For someone who enjoys cooking, proclaiming to all who will listen “I’m going to challenge myself to cook from a recipe” might sound a little strange. Sure I read recipes but usually I am substituting ingredients and tweaking them before I even enter the kitchen. Quite seriously, I attended the Recipe Writing session at “Out of the Frying Pan” because I thought a little remedial action would be good for me.

But first a little recap from the session:

While writers should assume that recipes will be read by novices, they are not always written with the home cook in mind. A professional chef will think nothing of calling for litres of fresh stock forgetting most homes aren’t equipped with a cool room or have minions doing prep each day. While tomes like Stephanie Alexander’s have a comprehensive basics section, different skill levels tend be implied by some of the big name chefs.

There was some chat about pet peeves; the first was missing ingredients, followed by a lack of warning about steps that need to be prepared in advance, such as the aforementioned stock.

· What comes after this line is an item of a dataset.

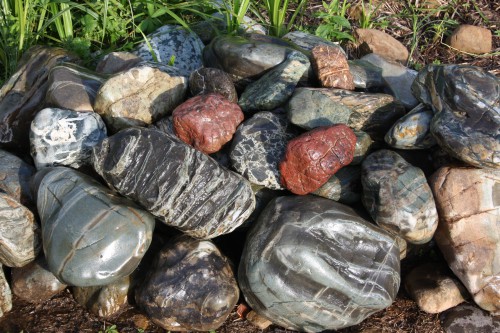 Ландшафтные валунчики фр.100-500 мм.  купить в Воронеже крупный природный камень серый, темно-серый, светло-серый речной валун крупный 4800 руб/т   фото 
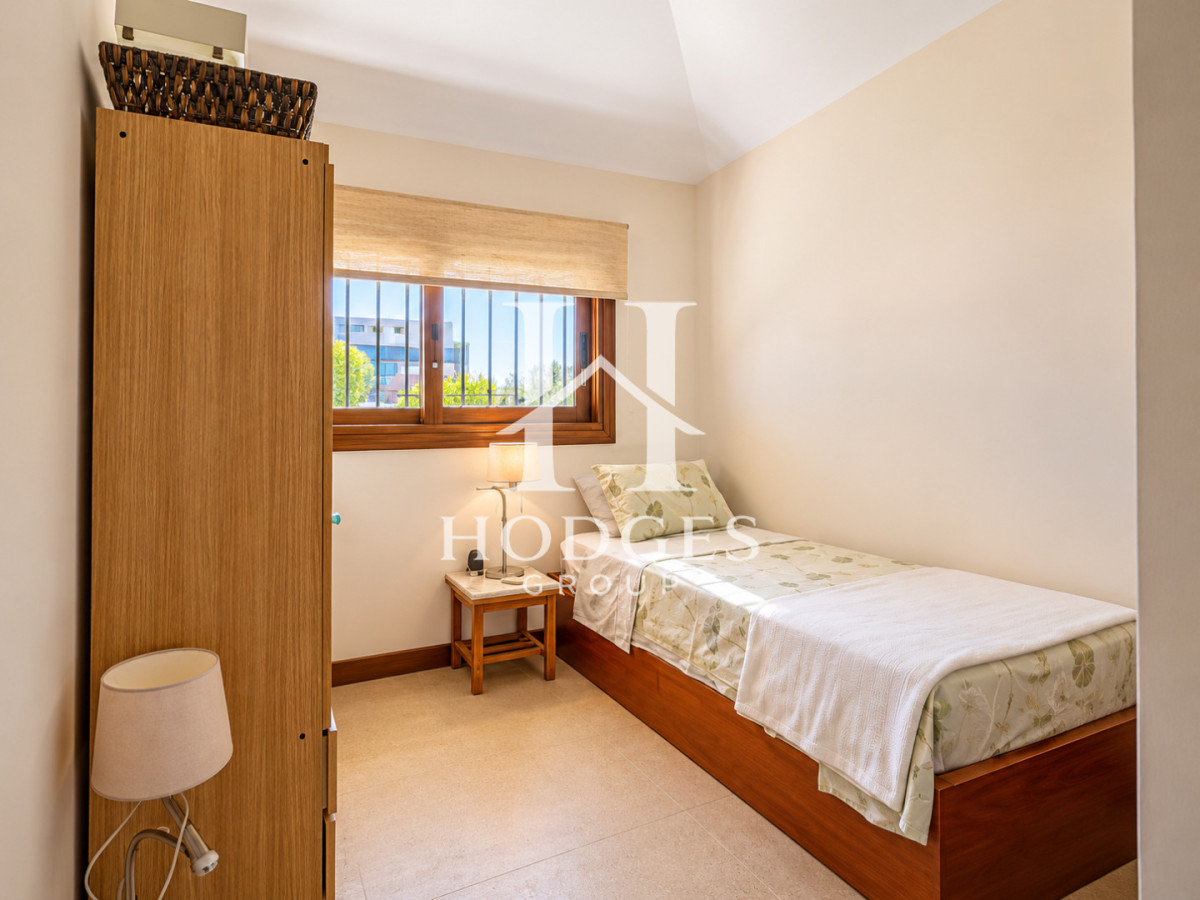 Casa ID.584 - Excelente Casa de 4 Dormitorios, Piscina Climatizada y Barbacoa a una cuadra del Mar, Playa Mansa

Interestingly the recipe I selected stumbled on those 2 points.

Picture this – bedtime the night before my regular market trip. A book of recipe cuttings, class notes from cooking classes and laptop with ‘clippings’ from websites. I wanted something very simple but not what I would usually make, no more than a moderate list of ingredients and it to be a main dish with the necessity of a minimum of sides. Amongst my word files I found it – Poached Blue Eye with Saffron, Fennel & Tomato. A quick look over the flavourings – saffron, fennel seeds and garlic, all on hand so there were just a few fresh ingredients to grab on the day.

On rereading the recipe the next day, the first problem I noticed was the recipe I had (from an unknown source) omitted the fresh fennel. Just how many bulbs did I need, that the method told me to slice? A quick internet search found me a near identical version, written slightly different to the one I had grabbed. Who copied whom I wonder? The panelists had also listed non-attributed recipes to the pet peeves, which I can totally understand (not looking at any gyoza recipe snatchers in the blogosphere!). I went with the Sydney Fish Market version (though there were other very similar ones online), jotted down a shopping list and headed off.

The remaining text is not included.